▸ WHAT TO DO
Every line from the line containing "Image: Over 200" through the final line below must be returned exactly, and no other line.

▸ DATA FOR PROCESSING

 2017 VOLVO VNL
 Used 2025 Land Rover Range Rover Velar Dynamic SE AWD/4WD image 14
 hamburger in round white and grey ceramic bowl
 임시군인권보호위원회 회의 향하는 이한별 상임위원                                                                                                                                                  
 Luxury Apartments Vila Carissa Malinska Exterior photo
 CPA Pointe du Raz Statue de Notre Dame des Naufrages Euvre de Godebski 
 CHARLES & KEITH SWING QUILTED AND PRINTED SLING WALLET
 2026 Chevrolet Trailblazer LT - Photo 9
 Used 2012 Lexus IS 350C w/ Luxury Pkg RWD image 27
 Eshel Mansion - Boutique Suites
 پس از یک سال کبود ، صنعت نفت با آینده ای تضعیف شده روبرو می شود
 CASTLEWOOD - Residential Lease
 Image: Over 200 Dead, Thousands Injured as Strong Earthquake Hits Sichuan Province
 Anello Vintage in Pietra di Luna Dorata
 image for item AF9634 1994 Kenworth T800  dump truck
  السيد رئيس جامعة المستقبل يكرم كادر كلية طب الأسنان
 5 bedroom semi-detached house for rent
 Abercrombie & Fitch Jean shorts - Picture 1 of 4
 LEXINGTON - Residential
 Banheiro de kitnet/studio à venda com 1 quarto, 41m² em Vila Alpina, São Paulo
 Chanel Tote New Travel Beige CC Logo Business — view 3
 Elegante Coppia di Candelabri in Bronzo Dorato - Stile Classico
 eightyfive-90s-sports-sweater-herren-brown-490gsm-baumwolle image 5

▸ OUTPUT OF THE TASK
 Image: Over 200 Dead, Thousands Injured as Strong Earthquake Hits Sichuan Province
 Anello Vintage in Pietra di Luna Dorata
 image for item AF9634 1994 Kenworth T800  dump truck
  السيد رئيس جامعة المستقبل يكرم كادر كلية طب الأسنان
 5 bedroom semi-detached house for rent
 Abercrombie & Fitch Jean shorts - Picture 1 of 4
 LEXINGTON - Residential
 Banheiro de kitnet/studio à venda com 1 quarto, 41m² em Vila Alpina, São Paulo
 Chanel Tote New Travel Beige CC Logo Business — view 3
 Elegante Coppia di Candelabri in Bronzo Dorato - Stile Classico
 eightyfive-90s-sports-sweater-herren-brown-490gsm-baumwolle image 5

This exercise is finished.